▸ **About this exercise**
For the entries below, return the line holding "Let's go to" together with all lines after it, unchanged, and leave every picture out.

Dataset entries:

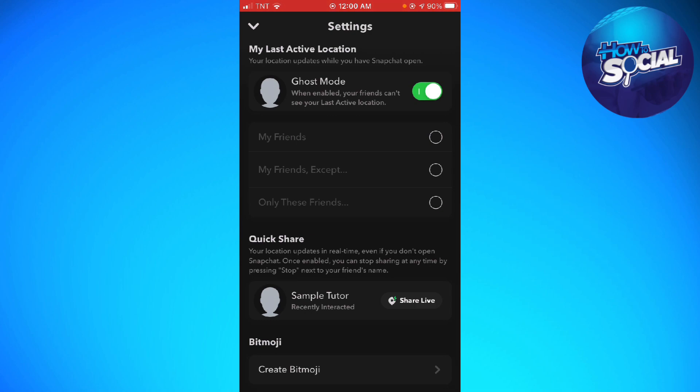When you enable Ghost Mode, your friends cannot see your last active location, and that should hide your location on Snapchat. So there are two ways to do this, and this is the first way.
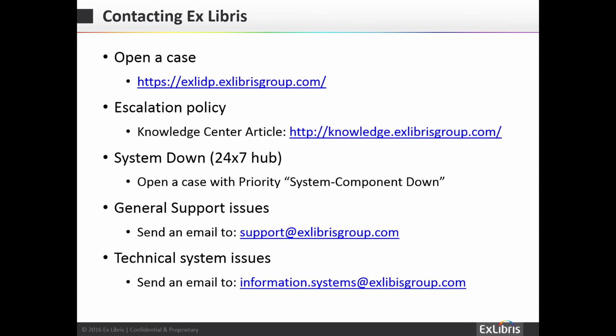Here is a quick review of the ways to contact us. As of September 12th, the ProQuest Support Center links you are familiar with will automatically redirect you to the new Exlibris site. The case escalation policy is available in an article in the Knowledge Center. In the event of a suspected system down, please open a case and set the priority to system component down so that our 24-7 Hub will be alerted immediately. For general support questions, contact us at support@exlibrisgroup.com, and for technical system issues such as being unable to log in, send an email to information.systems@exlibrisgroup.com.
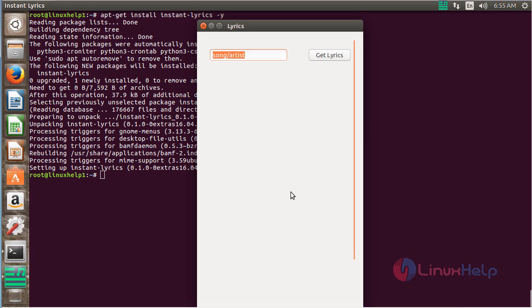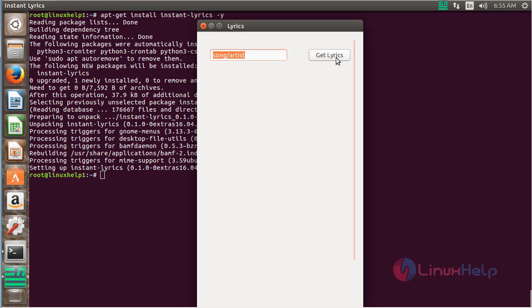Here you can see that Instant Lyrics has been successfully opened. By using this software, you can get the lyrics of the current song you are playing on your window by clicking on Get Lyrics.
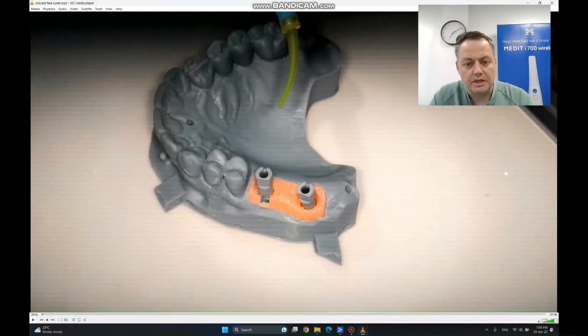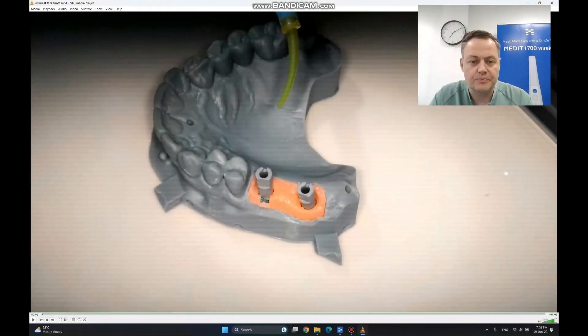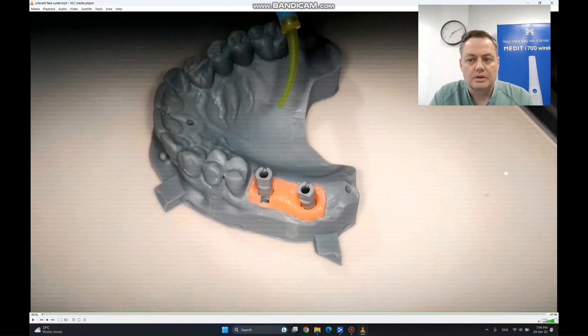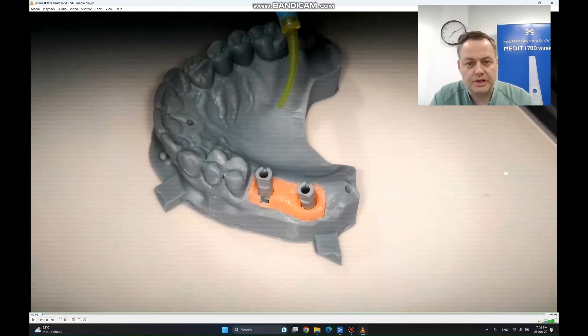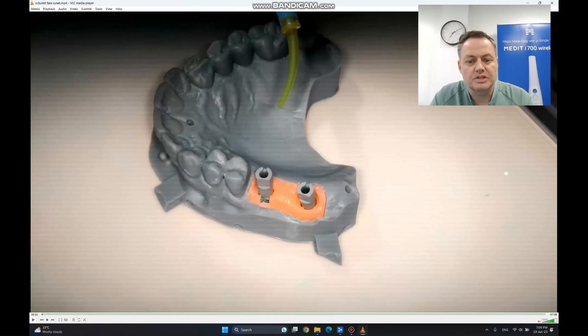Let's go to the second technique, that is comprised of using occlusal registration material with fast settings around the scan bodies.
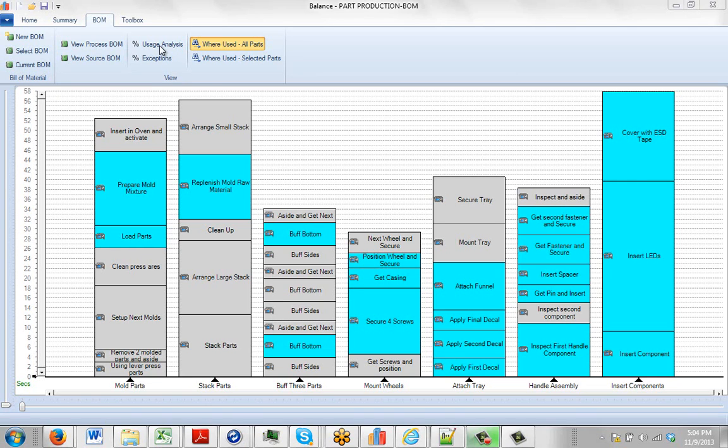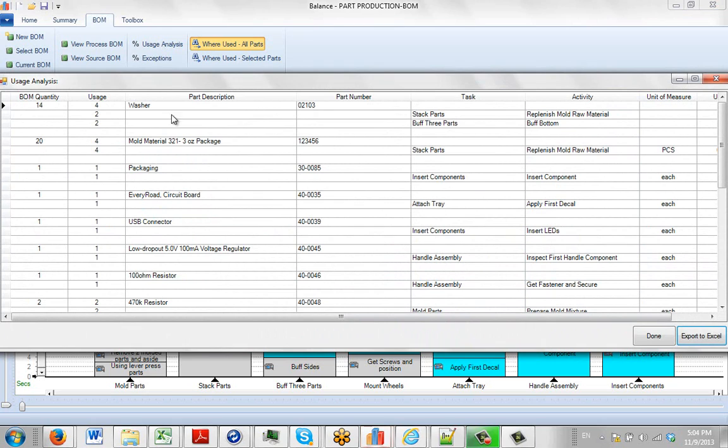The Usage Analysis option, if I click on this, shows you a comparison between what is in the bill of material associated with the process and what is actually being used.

▸ **Finished task**
Let's go to the second technique, that is comprised of using occlusal registration material with fast settings around the scan bodies.
The Usage Analysis option, if I click on this, shows you a comparison between what is in the bill of material associated with the process and what is actually being used.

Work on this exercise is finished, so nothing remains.